> DATA FOR REVIEW:
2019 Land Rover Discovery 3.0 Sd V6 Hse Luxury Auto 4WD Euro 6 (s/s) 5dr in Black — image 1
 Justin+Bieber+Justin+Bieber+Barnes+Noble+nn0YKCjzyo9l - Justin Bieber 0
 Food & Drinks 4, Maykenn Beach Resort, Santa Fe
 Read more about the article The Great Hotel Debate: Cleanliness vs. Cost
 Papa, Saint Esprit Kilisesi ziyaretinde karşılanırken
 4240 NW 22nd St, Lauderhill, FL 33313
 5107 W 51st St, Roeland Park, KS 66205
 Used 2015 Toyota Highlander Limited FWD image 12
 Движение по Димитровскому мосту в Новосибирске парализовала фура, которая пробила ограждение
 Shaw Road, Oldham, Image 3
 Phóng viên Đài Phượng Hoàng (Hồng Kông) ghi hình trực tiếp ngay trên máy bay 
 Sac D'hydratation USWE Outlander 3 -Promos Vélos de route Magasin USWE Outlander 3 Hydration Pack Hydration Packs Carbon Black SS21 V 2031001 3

> TASK DIRECTIONS: Your task is to retype, exactly and only, the lines from the one with "Read more about" through the final line above.

> ANSWER SECTION:
 Read more about the article The Great Hotel Debate: Cleanliness vs. Cost
 Papa, Saint Esprit Kilisesi ziyaretinde karşılanırken
 4240 NW 22nd St, Lauderhill, FL 33313
 5107 W 51st St, Roeland Park, KS 66205
 Used 2015 Toyota Highlander Limited FWD image 12
 Движение по Димитровскому мосту в Новосибирске парализовала фура, которая пробила ограждение
 Shaw Road, Oldham, Image 3
 Phóng viên Đài Phượng Hoàng (Hồng Kông) ghi hình trực tiếp ngay trên máy bay 
 Sac D'hydratation USWE Outlander 3 -Promos Vélos de route Magasin USWE Outlander 3 Hydration Pack Hydration Packs Carbon Black SS21 V 2031001 3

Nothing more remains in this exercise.